(Material provided):
━━━━━━━━━━━━━━━━━━━━━━━━━━━━━━

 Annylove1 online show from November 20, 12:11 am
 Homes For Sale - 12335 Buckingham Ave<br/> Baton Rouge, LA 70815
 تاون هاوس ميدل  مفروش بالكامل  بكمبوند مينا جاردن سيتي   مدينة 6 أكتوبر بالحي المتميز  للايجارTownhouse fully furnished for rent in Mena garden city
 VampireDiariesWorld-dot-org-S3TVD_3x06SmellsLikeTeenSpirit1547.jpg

━━━━━━━━━━━━━━━━━━━━━━━━━━━━━━

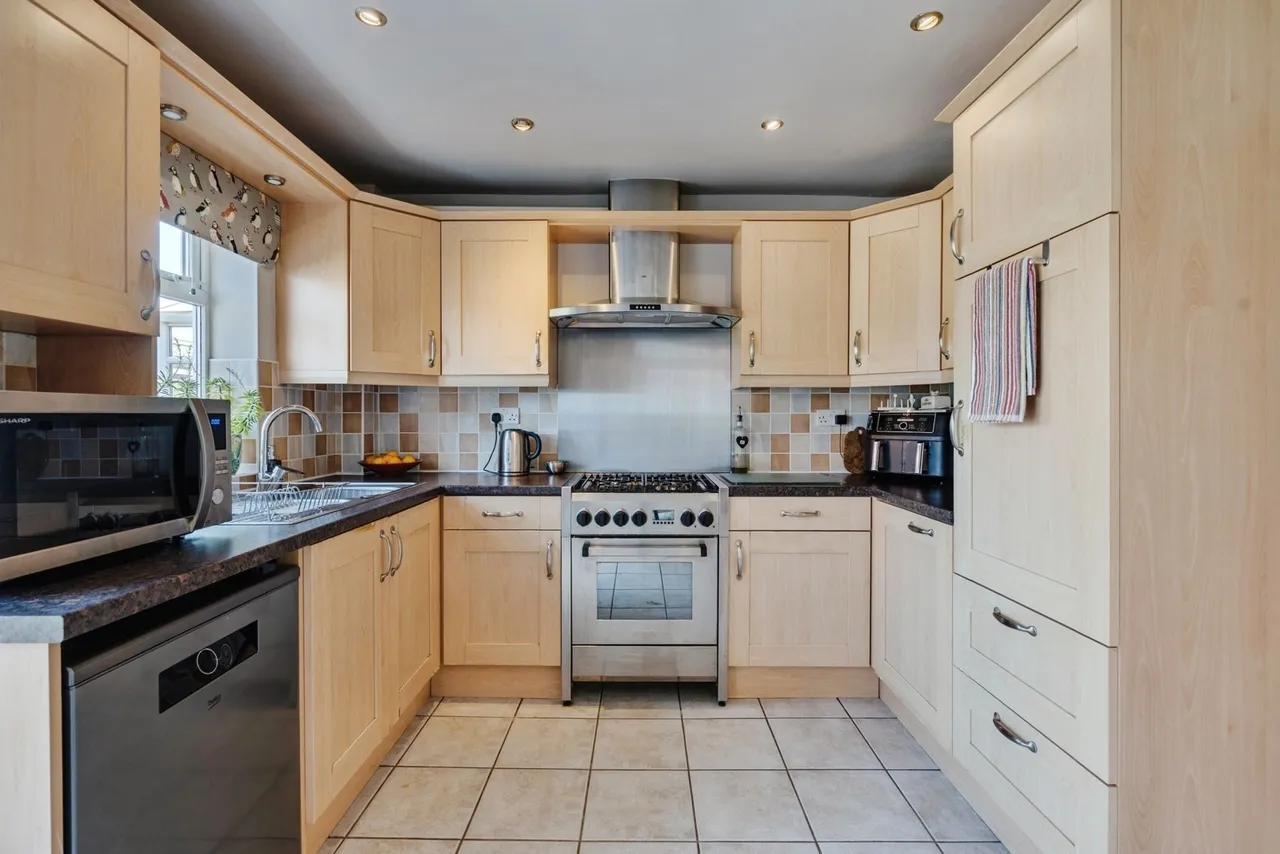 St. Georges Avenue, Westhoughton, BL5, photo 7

━━━━━━━━━━━━━━━━━━━━━━━━━━━━━━

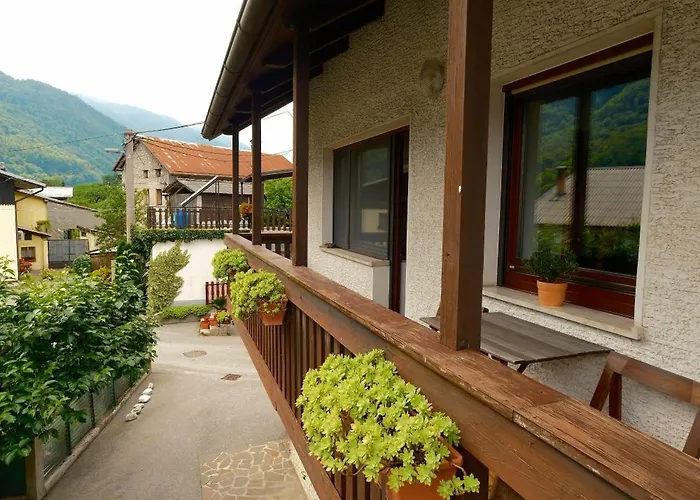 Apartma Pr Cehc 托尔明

━━━━━━━━━━━━━━━━━━━━━━━━━━━━━━

(Task details):
Considering only the material above, set down every line from the one with "Annylove1 online show" to the one with "تاون هاوس ميدل", inclusive, exactly as written.

(Problem solution):
 Annylove1 online show from November 20, 12:11 am
 Homes For Sale - 12335 Buckingham Ave<br/> Baton Rouge, LA 70815
 تاون هاوس ميدل  مفروش بالكامل  بكمبوند مينا جاردن سيتي   مدينة 6 أكتوبر بالحي المتميز  للايجارTownhouse fully furnished for rent in Mena garden city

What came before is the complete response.